Researchers Find Genetic Cause for Stuttering
Stuttering has baffled scientists for thousands of years, but a new study has brought researchers closer to understanding this medical mystery. Researchers from the National Institute of Deafness and Other Communication Disorders have found three genetic mutations in the brain cells of people who stutter.
Over 200 Pakistani citizens – many of whom were family members - and 550 people from the United States and England were involved in the study. Approximately half were stutterers.

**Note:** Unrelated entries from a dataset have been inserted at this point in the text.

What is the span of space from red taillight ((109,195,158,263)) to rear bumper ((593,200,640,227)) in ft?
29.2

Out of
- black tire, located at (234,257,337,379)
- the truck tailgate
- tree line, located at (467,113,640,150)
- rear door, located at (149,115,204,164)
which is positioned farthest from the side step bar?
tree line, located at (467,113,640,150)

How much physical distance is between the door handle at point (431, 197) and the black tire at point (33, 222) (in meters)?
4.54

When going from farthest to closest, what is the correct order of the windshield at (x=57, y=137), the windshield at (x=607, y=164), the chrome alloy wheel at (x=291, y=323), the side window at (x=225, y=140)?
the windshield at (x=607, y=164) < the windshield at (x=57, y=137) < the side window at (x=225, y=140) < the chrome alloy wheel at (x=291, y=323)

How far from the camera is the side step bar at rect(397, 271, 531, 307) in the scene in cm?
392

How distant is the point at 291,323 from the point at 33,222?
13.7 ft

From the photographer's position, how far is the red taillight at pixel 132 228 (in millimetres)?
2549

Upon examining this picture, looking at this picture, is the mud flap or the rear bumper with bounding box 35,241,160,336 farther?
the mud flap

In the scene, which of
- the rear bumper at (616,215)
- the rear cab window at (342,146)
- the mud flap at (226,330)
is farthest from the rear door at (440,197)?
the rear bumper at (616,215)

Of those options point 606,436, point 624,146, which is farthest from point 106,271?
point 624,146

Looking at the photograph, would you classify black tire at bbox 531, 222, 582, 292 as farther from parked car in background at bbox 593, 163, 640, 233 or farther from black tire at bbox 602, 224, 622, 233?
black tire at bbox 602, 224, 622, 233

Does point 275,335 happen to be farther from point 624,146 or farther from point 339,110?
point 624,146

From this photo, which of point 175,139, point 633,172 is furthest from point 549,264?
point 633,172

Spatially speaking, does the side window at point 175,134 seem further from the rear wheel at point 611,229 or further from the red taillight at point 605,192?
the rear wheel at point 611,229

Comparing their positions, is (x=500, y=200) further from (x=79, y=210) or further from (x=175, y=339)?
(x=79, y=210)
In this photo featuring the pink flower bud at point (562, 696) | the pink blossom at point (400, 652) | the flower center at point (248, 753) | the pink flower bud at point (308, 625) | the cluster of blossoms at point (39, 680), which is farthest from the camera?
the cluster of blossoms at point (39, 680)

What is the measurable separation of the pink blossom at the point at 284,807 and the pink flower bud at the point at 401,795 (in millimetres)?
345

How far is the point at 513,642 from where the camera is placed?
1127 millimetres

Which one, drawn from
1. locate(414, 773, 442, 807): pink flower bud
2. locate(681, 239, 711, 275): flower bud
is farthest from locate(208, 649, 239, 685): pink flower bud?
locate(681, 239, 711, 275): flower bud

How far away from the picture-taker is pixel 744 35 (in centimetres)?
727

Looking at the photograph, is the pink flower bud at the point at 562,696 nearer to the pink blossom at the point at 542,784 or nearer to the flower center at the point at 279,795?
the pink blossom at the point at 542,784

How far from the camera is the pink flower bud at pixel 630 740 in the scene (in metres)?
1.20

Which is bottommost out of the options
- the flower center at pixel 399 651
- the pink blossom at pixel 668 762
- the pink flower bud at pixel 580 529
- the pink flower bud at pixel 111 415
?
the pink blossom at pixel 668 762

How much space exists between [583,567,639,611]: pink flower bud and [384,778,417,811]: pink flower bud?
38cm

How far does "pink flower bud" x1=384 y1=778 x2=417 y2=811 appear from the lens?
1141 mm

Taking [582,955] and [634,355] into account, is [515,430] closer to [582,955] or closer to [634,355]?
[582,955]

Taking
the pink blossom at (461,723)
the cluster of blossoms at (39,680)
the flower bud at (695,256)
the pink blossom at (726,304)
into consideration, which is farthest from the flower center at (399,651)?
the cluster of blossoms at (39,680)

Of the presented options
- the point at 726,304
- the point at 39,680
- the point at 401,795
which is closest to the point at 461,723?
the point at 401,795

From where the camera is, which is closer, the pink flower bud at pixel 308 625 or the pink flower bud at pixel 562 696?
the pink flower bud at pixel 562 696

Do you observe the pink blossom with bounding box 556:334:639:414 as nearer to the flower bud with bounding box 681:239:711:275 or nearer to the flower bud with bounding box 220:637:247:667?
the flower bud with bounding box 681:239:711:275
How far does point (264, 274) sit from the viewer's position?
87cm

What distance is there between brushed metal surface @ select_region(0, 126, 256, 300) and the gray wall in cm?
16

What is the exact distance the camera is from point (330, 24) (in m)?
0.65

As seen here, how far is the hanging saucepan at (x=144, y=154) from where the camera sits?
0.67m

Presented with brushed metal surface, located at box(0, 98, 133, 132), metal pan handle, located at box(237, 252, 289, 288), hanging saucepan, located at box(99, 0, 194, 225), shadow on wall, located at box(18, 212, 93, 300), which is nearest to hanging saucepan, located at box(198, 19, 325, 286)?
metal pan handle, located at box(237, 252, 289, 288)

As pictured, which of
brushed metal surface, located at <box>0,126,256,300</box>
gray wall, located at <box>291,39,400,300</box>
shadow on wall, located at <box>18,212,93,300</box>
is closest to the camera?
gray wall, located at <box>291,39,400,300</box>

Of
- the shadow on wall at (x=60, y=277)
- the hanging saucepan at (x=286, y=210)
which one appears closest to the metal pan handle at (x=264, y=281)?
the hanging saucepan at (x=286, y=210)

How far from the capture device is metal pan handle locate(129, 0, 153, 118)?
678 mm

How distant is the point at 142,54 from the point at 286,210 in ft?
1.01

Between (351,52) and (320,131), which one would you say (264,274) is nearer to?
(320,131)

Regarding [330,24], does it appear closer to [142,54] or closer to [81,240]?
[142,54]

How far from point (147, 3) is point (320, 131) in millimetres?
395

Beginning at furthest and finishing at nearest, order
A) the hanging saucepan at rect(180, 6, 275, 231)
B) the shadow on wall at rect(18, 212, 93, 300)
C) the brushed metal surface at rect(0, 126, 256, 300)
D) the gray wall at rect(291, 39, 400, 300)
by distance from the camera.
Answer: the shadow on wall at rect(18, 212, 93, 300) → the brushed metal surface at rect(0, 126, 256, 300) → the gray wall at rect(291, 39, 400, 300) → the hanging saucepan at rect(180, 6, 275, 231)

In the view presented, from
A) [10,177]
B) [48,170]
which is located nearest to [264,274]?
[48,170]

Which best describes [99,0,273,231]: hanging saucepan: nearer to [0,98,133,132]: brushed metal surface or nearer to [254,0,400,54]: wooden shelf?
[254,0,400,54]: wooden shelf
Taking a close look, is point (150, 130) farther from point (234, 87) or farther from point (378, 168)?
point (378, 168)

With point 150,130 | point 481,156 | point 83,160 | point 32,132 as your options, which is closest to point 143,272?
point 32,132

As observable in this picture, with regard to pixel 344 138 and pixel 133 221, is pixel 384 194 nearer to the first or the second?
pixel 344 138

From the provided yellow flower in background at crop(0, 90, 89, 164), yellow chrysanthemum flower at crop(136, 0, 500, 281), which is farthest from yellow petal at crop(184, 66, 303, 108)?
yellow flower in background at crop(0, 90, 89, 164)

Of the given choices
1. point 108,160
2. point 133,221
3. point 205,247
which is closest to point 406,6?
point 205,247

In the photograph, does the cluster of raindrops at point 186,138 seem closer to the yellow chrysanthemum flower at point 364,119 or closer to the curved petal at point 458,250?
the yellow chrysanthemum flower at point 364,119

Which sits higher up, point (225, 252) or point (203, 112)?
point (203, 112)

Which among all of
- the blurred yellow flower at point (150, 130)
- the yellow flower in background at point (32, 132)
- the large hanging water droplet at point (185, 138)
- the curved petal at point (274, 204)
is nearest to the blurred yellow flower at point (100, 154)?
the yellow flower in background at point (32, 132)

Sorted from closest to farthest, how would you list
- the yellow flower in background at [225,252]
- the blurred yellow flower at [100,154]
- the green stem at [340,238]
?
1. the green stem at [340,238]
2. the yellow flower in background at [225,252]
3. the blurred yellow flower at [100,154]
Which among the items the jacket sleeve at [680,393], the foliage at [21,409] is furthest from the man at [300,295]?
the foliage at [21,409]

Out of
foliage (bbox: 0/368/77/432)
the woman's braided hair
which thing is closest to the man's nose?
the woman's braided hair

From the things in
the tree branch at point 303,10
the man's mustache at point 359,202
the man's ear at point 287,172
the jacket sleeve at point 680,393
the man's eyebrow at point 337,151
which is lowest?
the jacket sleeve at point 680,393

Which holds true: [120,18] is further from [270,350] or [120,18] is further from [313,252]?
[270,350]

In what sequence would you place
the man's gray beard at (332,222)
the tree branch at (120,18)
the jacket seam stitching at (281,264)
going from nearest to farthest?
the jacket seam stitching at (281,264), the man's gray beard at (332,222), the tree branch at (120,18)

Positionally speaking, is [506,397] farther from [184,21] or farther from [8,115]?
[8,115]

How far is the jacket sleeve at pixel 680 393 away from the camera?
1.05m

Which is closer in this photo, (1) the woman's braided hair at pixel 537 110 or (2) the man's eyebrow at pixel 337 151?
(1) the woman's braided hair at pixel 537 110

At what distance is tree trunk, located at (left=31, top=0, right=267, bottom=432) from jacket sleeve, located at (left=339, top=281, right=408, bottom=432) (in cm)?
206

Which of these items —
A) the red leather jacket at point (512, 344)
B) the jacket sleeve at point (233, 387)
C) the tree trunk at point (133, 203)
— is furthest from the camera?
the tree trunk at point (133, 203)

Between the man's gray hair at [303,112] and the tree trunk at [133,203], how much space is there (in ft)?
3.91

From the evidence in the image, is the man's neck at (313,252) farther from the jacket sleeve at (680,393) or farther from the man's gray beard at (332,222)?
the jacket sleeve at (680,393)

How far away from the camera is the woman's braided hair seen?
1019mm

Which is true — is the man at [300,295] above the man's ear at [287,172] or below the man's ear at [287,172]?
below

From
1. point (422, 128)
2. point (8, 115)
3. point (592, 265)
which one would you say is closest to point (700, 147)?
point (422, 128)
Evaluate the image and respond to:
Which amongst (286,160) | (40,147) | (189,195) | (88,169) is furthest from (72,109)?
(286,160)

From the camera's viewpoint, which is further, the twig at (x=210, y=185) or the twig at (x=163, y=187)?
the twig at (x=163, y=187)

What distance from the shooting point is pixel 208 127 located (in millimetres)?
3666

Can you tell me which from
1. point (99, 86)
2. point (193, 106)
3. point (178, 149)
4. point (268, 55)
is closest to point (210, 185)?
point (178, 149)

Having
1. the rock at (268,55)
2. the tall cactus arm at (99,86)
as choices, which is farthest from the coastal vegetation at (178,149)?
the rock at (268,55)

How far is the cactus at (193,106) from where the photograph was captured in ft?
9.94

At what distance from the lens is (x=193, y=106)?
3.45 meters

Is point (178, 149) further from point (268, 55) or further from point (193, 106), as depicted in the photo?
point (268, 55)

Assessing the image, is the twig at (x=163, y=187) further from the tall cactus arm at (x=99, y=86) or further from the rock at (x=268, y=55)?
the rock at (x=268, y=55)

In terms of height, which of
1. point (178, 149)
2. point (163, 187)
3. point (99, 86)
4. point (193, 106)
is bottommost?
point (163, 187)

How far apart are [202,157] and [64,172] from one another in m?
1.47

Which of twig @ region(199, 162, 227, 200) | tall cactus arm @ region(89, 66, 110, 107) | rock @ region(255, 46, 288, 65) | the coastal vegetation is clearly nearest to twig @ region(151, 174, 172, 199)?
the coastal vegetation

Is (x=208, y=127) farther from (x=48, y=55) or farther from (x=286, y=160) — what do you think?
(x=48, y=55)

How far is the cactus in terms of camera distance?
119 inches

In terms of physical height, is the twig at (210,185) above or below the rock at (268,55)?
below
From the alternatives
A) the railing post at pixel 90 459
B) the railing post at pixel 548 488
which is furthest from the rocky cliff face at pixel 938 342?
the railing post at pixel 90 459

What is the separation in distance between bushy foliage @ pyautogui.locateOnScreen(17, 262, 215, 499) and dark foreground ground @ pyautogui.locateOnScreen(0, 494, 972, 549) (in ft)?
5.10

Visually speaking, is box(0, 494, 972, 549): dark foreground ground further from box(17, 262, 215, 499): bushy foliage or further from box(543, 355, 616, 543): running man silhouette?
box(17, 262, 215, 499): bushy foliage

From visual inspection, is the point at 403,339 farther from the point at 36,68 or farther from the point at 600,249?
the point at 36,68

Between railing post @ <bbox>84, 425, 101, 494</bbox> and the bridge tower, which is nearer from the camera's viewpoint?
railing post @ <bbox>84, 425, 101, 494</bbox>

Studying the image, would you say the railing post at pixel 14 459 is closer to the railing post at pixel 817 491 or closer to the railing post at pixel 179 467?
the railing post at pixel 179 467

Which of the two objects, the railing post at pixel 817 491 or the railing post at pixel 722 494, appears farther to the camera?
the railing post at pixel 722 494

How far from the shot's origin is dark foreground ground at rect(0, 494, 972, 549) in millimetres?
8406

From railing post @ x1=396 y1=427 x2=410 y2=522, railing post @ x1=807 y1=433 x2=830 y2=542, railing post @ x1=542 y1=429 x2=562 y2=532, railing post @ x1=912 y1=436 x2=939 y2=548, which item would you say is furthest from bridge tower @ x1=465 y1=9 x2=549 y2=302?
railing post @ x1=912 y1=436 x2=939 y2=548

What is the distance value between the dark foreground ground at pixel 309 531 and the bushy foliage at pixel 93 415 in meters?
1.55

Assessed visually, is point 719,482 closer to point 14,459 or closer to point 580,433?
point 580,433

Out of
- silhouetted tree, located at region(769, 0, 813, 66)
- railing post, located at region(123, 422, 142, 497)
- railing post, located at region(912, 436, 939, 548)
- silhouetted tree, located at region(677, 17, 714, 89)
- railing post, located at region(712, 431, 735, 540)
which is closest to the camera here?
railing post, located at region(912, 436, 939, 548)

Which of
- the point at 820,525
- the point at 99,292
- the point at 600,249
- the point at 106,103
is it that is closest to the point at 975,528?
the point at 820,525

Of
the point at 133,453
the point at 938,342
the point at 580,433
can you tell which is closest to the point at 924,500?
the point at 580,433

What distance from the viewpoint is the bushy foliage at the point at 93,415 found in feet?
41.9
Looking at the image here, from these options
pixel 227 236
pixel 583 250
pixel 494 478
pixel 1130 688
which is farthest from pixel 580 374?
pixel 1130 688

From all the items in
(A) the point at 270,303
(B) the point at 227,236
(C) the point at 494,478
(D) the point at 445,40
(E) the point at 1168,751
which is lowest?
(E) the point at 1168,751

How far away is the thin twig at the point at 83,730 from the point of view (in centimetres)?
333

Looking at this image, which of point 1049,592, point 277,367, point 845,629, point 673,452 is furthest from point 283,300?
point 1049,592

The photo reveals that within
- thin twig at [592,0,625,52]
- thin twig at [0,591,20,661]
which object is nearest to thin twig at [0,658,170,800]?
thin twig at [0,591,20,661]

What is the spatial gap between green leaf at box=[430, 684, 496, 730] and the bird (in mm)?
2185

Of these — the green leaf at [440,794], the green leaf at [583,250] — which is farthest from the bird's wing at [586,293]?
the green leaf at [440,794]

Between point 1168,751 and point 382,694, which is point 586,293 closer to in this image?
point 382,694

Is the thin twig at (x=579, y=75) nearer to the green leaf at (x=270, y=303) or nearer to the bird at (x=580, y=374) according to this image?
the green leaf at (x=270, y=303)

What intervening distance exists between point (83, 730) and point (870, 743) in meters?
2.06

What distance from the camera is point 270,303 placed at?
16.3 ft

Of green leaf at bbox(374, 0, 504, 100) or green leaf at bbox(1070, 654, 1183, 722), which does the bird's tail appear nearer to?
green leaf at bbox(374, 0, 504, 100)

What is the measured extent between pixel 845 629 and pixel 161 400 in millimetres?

The gene mutations occurred in chromosome 12 and are called GNPTAB, GNPTG and NAGPA. They are located in cells in the part of the brain that controls speech and are involved in a process called cell recycling. These defected genes are thought to account for about 9% of the total cases of stuttering.
Stuttering or stammering is a disruption in the normal flow of speaking. For people with the disorder, certain syllables may be delayed, prolonged or repeated and for some may be accompanied by facial tics. It affects approximately 3 million people in the United States, according to data from the National Institutes of Health. About 60% have a close family member with the disorder.
Stuttering is usually first seen in children between the ages of 2 and 5, when they are learning to speak. Boys are more likely to be affected than girls. Most outgrow the condition, though about 1% continues to stutter into adulthood. Speech therapy is currently the most common treatment.
People have historically thought of stuttering as being emotional in nature – a condition perhaps brought on by stress. Recognizing that stuttering is a biological disorder can bring better understanding to those afflicted.
The discovery could lead to a more specific diagnosis and treatment for the disorder. “People who are helped by one type of therapy might for instance be the people with mutations in one of these genes, whereas the people who are helped by another therapy are people with mutations in another gene that we’ve identified,” said study author Dennis Drayna.
A possible treatment, according to Drayna, is enzyme replacement therapy, where a drug containing the missing or defective enzyme is given to people with the disorder. Other possible treatments currently being studied are the schizophrenia drugs Risperdal and Zyprexa and a medication called pagoclone, used to treat anxiety and panic disorders.
The study is published in the New England Journal of Medicine.